▶ **Material for this exercise**:
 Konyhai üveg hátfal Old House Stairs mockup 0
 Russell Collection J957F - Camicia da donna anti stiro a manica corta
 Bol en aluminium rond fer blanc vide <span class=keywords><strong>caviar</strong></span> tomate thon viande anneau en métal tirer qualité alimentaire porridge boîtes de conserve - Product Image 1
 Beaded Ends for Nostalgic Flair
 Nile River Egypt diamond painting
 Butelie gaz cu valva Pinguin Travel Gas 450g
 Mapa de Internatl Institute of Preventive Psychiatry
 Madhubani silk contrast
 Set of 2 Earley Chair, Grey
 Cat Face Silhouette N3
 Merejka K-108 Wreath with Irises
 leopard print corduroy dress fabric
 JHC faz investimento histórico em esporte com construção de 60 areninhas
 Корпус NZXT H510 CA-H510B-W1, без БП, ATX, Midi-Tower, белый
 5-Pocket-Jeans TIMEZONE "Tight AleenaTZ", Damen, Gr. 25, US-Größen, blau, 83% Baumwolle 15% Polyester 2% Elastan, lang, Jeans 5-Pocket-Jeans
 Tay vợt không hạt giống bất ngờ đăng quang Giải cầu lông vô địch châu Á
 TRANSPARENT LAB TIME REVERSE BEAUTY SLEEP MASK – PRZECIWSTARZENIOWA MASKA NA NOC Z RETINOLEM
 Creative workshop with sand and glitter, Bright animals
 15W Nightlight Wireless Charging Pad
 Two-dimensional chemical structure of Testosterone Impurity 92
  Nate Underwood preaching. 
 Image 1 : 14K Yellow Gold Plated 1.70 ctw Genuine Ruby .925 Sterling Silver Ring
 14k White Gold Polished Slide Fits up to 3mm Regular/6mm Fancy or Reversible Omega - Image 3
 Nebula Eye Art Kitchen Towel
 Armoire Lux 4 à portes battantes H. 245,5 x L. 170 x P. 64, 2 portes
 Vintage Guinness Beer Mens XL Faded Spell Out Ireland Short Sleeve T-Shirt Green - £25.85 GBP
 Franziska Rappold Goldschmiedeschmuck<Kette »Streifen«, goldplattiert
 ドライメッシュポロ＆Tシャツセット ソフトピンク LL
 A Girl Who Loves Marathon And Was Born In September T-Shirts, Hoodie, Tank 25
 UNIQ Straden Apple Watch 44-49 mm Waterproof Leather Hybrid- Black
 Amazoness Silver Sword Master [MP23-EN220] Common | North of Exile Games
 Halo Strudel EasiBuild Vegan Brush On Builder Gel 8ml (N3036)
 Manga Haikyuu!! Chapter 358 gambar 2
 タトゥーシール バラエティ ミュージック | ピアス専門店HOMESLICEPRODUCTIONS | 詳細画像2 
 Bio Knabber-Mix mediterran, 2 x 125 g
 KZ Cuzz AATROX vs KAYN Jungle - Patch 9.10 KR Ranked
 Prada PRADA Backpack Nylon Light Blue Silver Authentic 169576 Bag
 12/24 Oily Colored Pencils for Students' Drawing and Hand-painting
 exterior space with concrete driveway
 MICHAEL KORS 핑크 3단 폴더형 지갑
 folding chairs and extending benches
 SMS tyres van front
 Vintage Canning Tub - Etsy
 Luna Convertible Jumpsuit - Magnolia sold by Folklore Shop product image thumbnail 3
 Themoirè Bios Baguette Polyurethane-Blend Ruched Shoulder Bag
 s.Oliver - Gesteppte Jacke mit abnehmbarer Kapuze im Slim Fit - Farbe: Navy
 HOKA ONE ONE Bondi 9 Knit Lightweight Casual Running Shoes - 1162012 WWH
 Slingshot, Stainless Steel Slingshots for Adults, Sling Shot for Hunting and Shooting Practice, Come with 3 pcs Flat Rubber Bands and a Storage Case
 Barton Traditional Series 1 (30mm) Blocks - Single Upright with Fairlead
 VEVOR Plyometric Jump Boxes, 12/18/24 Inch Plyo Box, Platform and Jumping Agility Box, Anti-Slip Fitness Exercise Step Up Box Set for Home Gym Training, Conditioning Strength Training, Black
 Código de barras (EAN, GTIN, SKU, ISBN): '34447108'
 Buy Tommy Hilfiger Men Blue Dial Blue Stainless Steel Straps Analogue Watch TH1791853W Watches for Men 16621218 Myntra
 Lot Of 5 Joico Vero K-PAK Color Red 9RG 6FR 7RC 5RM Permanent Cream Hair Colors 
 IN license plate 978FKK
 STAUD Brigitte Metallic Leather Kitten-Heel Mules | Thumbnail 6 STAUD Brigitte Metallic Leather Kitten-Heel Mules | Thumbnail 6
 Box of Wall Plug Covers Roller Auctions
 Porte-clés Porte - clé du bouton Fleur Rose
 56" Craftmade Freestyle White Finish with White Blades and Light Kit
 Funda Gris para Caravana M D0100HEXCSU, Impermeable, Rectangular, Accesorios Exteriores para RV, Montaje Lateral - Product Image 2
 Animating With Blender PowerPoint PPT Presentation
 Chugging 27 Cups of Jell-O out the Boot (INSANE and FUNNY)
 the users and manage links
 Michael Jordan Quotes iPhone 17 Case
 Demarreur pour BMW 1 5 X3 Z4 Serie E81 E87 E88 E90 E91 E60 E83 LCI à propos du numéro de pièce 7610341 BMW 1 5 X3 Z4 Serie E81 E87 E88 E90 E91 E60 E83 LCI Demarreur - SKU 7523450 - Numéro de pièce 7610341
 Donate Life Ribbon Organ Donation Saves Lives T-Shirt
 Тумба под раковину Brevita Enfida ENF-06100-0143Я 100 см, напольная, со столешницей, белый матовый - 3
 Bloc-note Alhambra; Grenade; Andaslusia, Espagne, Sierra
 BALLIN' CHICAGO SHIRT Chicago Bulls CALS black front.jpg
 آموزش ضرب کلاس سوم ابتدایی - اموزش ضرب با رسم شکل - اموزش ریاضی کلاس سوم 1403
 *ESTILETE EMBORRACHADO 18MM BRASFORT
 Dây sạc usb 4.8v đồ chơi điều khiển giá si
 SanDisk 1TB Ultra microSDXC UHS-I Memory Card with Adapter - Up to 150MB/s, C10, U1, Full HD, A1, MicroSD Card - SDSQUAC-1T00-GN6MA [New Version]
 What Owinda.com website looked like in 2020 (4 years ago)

▶ **Try it**: Find each line in the records holding the string "Leather" and show it.

▶ **Worked solution**:
 UNIQ Straden Apple Watch 44-49 mm Waterproof Leather Hybrid- Black
 STAUD Brigitte Metallic Leather Kitten-Heel Mules | Thumbnail 6 STAUD Brigitte Metallic Leather Kitten-Heel Mules | Thumbnail 6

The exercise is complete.